Top of Input data

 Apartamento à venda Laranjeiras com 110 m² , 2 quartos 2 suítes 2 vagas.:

Bottom of Input data
Top of Input data

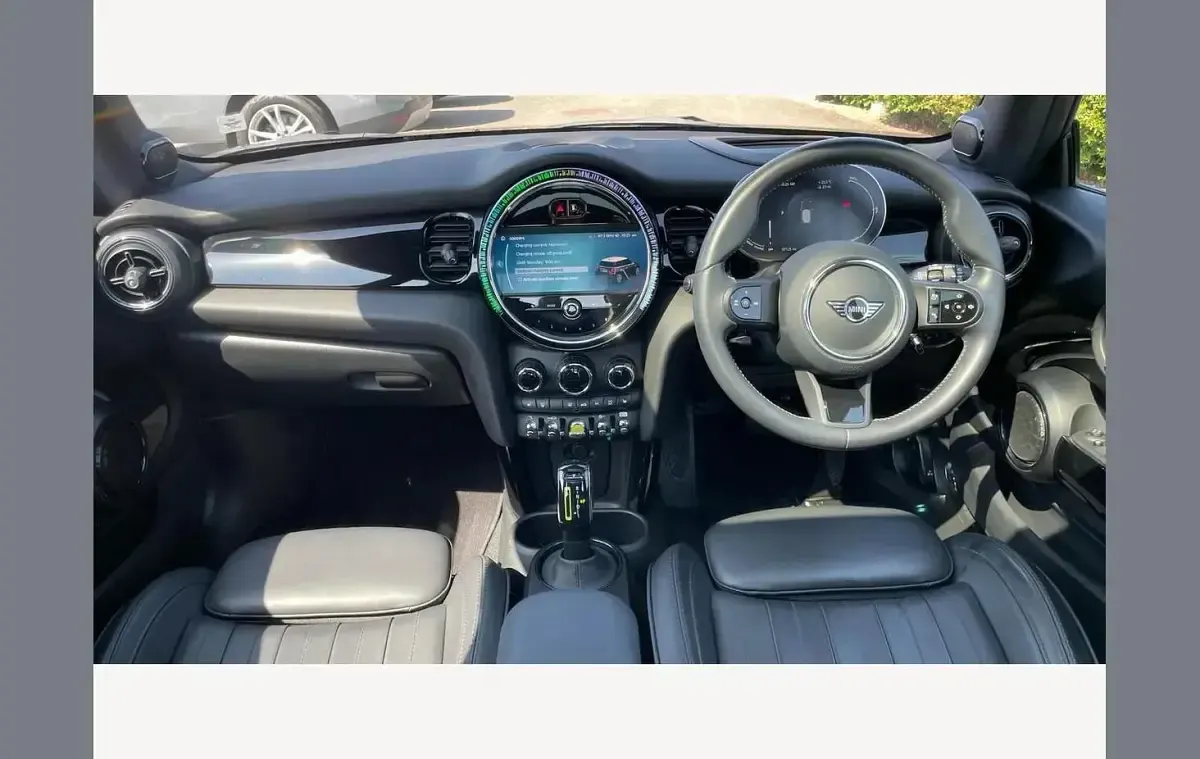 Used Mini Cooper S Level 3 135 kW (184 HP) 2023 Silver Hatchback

Bottom of Input data
Top of Input data

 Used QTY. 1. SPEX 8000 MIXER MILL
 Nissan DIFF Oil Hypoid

Bottom of Input data

What the task asks: Could you repeat exactly the lines above from the line with "Used QTY. 1. SPEX 8000 MIXER MILL" up to and including the line with "Nissan DIFF Oil Hypoid", and only those?

Output of the exercise:
 Used QTY. 1. SPEX 8000 MIXER MILL
 Nissan DIFF Oil Hypoid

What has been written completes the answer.